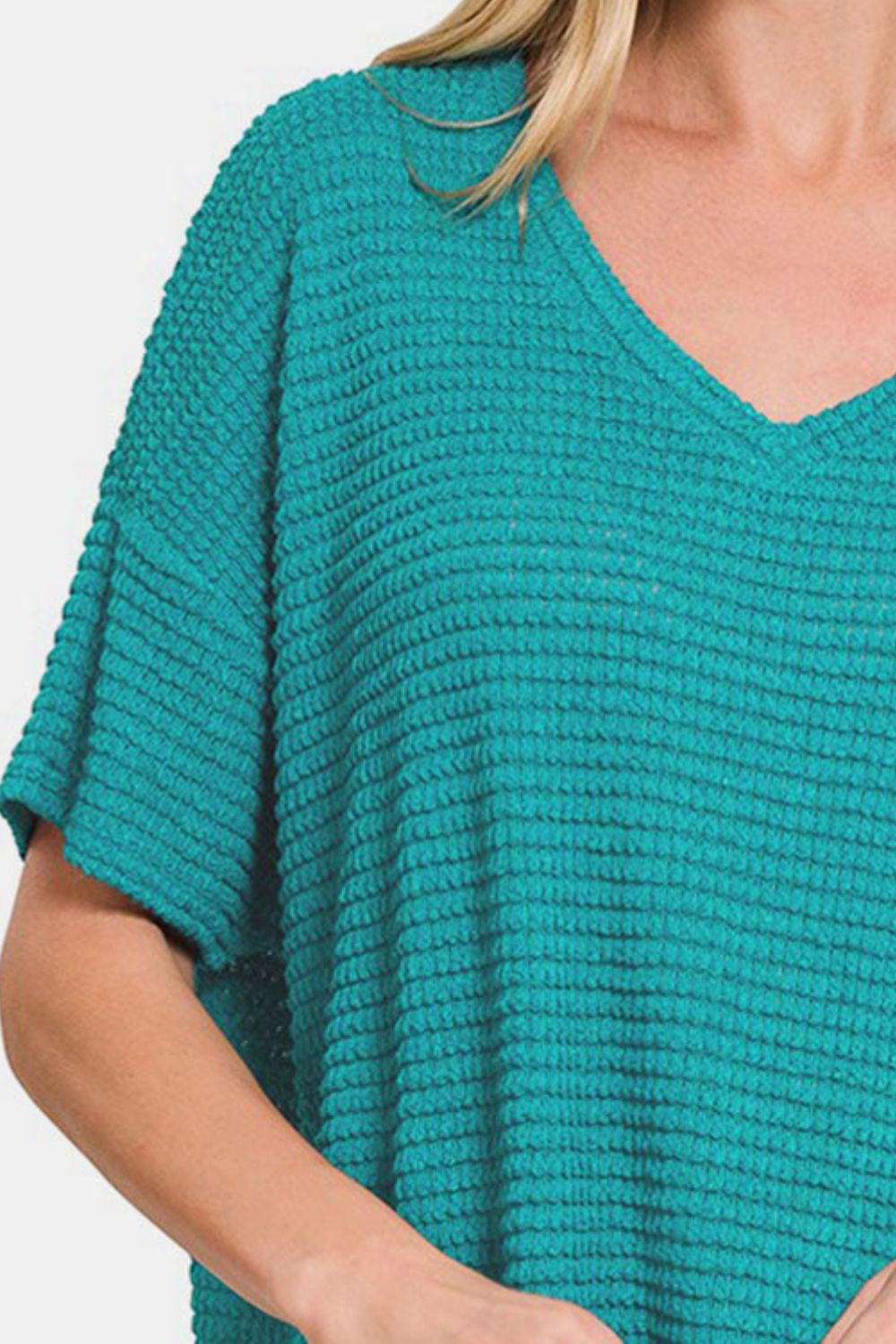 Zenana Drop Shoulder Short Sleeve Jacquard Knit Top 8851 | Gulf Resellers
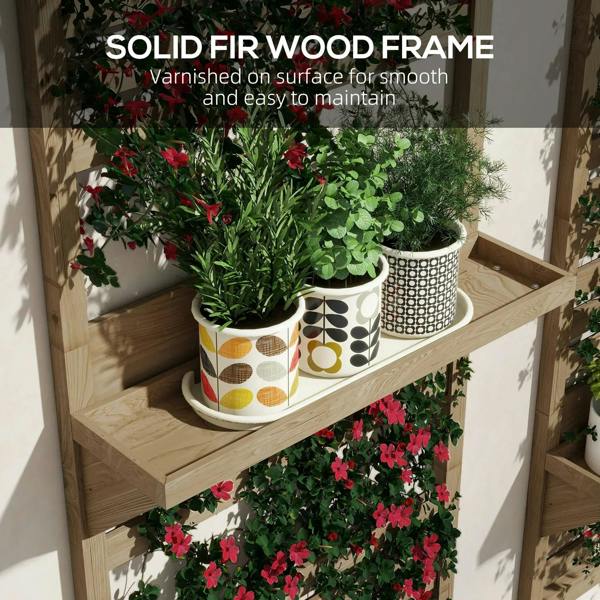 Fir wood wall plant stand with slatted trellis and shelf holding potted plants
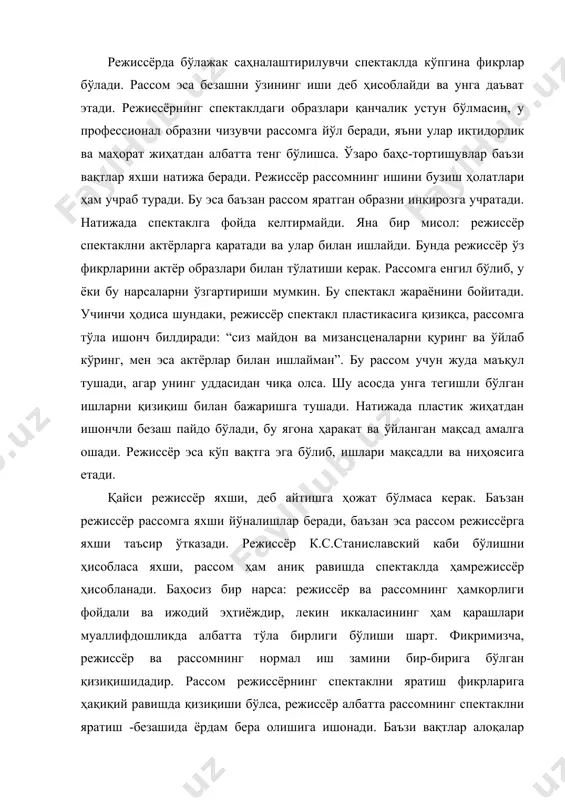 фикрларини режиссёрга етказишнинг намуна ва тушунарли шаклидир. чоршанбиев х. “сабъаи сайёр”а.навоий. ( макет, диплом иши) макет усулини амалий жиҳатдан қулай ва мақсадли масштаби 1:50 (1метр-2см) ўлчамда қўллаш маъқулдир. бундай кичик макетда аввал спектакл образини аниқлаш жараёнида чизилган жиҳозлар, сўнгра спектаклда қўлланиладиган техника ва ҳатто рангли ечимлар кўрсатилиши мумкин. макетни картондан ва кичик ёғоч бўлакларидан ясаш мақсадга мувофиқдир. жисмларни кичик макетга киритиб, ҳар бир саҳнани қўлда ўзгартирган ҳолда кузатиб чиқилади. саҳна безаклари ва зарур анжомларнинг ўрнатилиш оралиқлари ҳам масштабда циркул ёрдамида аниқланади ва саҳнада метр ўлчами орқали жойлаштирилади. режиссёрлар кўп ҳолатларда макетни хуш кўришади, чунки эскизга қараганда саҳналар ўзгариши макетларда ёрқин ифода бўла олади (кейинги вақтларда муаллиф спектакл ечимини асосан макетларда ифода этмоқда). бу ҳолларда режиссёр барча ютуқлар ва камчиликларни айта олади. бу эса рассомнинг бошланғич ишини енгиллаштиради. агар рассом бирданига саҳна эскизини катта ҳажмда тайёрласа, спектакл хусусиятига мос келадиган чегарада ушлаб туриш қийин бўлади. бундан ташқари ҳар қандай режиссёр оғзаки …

■ TASK INSTRUCTIONS
The listing above needs to be output again exactly. Don't include the pictures.

■ SOLUTION FOR THIS TASK
 Zenana Drop Shoulder Short Sleeve Jacquard Knit Top 8851 | Gulf Resellers
 Fir wood wall plant stand with slatted trellis and shelf holding potted plants
 фикрларини режиссёрга етказишнинг намуна ва тушунарли шаклидир. чоршанбиев х. “сабъаи сайёр”а.навоий. ( макет, диплом иши) макет усулини амалий жиҳатдан қулай ва мақсадли масштаби 1:50 (1метр-2см) ўлчамда қўллаш маъқулдир. бундай кичик макетда аввал спектакл образини аниқлаш жараёнида чизилган жиҳозлар, сўнгра спектаклда қўлланиладиган техника ва ҳатто рангли ечимлар кўрсатилиши мумкин. макетни картондан ва кичик ёғоч бўлакларидан ясаш мақсадга мувофиқдир. жисмларни кичик макетга киритиб, ҳар бир саҳнани қўлда ўзгартирган ҳолда кузатиб чиқилади. саҳна безаклари ва зарур анжомларнинг ўрнатилиш оралиқлари ҳам масштабда циркул ёрдамида аниқланади ва саҳнада метр ўлчами орқали жойлаштирилади. режиссёрлар кўп ҳолатларда макетни хуш кўришади, чунки эскизга қараганда саҳналар ўзгариши макетларда ёрқин ифода бўла олади (кейинги вақтларда муаллиф спектакл ечимини асосан макетларда ифода этмоқда). бу ҳолларда режиссёр барча ютуқлар ва камчиликларни айта олади. бу эса рассомнинг бошланғич ишини енгиллаштиради. агар рассом бирданига саҳна эскизини катта ҳажмда тайёрласа, спектакл хусусиятига мос келадиган чегарада ушлаб туриш қийин бўлади. бундан ташқари ҳар қандай режиссёр оғзаки …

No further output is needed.